Forschung


Theoretische Forschung zu den Begründungsformen einer „Erziehung nach Auschwitz“ in der Gegenwart

Forschung zum Themenfeld „Erziehung nach Auschwitz“ tangiert zum einen die Frage, wie Adornos berühmte Forderung, „dass Auschwitz
nicht noch einmal sei, ist die allererste an Erziehung“ heute, knapp 80 Jahre nach dem Ende des Zweiten Weltkrieges und über 60 Jahre nach der Erstausstrahlung von Adornos Radiovortrag, zeitgemäß gelesen und begründet werden kann.

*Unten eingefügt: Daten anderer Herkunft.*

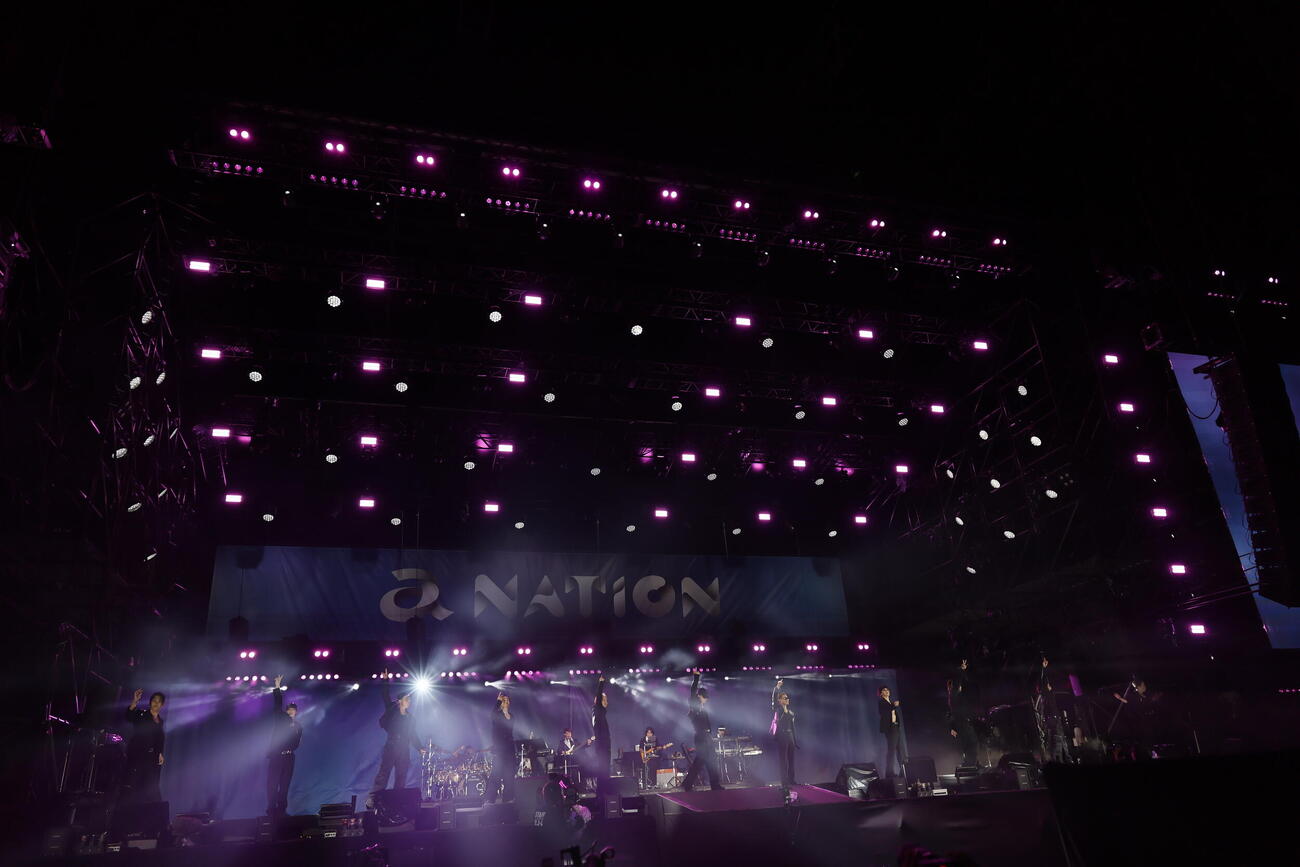 「a－nation 2026」でパフォーマンスするEXILE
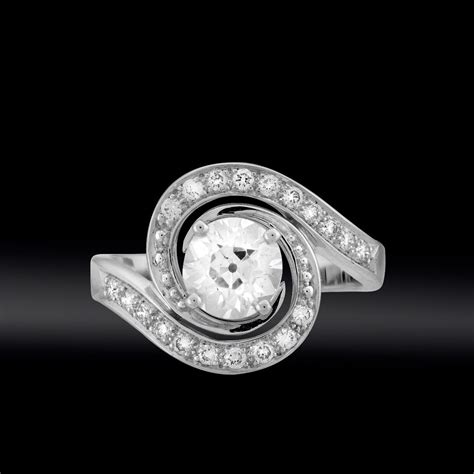 Proantic: 1.35 Carat Diamond Tourbillon Ring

Vielfältige Veränderungen der Gegenwart fordern die Vermittlung der NS-Geschichte in Kultur und Pädagogik in einer neuen Weise heraus. Der Generationenwechsel und eine plurale Bevölkerung, das Sterben der Zeitzeug:innen, die Medialisierung und Transnationalisierung der Holocaust-Erinnerung, postkoloniale Konstellationen und nicht zuletzt ein Wiedererstarken rechtsradikaler und antisemitischer Gesinnungen fordern eine diskursive Beschäftigung mit den theoretischen Grundlagen historisch-politischer Bildung in Deutschland. Es sind diese grundlagentheoretischen Fragen, die einen wichtigen Gegenstand erziehungswissenschaftlicher Forschung darstellen. 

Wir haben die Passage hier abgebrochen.